La diferencia técnica está en el material por el que viaja la luz. En la fibra óptica tradicional, la señal luminosa se propaga a través de un núcleo de vidrio sólido, lo que la frena respecto a la velocidad que tendría en el vacío. La fibra de núcleo hueco reemplaza ese centro de vidrio por aire o por un canal vacío, de modo que la luz avanza más cerca de su velocidad máxima. El resultado es una reducción de la latencia y un aumento de la velocidad de transmisión.
Por qué importa para la IA
El entrenamiento y la operación de los modelos de IA modernos no ocurren en una sola máquina. Miles de procesadores gráficos deben intercambiar datos de forma constante y coordinada, y cuando esos equipos están distribuidos en distintas salas o edificios, la velocidad de la conexión entre ellos se convierte en un cuello de botella. Ahí es donde una fibra más veloz puede marcar la diferencia.
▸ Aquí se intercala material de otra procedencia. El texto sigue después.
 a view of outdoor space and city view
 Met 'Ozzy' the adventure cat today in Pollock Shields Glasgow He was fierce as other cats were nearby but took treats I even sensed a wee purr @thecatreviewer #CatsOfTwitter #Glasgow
La inversión en centros de datos vive un momento de expansión acelerada, impulsada por la demanda de cómputo para IA. Grandes actores del sector están comprometiendo cifras enormes en infraestructura física: desde la construcción de nuevos complejos hasta el suministro de energía y refrigeración. Las conexiones internas y entre instalaciones forman parte de esa misma carrera, aunque suelen recibir menos atención que los chips.
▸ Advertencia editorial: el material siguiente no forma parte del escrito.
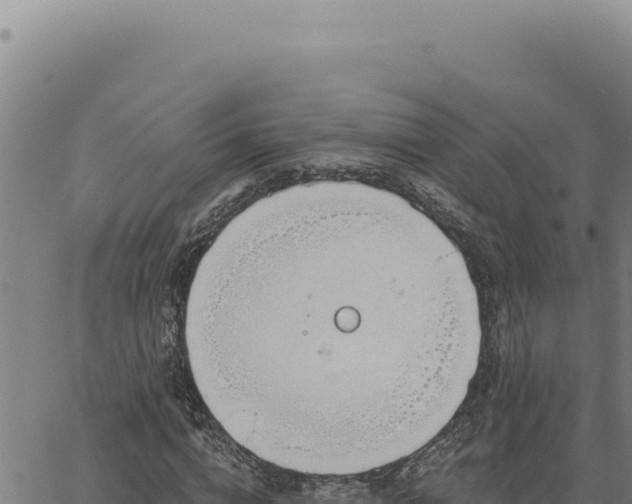 X0000063490824200601271718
Una tecnología que tardó en madurar
La fibra de núcleo hueco no es una idea nueva, pero durante años su fabricación resultó difícil y costosa, lo que limitó su despliegue a casos muy puntuales. Sectores donde la latencia se traduce en dinero, como el trading financiero de alta frecuencia, estuvieron entre los primeros interesados en adoptarla precisamente por esa ventaja de milisegundos.
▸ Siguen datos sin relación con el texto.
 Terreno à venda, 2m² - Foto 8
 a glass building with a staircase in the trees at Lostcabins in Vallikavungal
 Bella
El caso de Relativity Networks refleja un patrón más amplio: buena parte del capital que hoy fluye hacia la IA no va a los algoritmos, sino a los cimientos que los hacen posible. Redes, energía, almacenamiento y refrigeración se han vuelto piezas estratégicas a medida que las empresas descubren que el desempeño de un sistema de IA depende tanto del software como de la infraestructura sobre la que corre.
Con 22 millones en caja, la compañía deberá demostrar que puede fabricar y desplegar su fibra a una escala que justifique la inversión y que la mejora del 30% se sostiene en condiciones reales de operación. Si lo consigue, una tecnología que estuvo relegada durante décadas podría encontrar por fin su mercado masivo en la infraestructura que alimenta a la inteligencia artificial.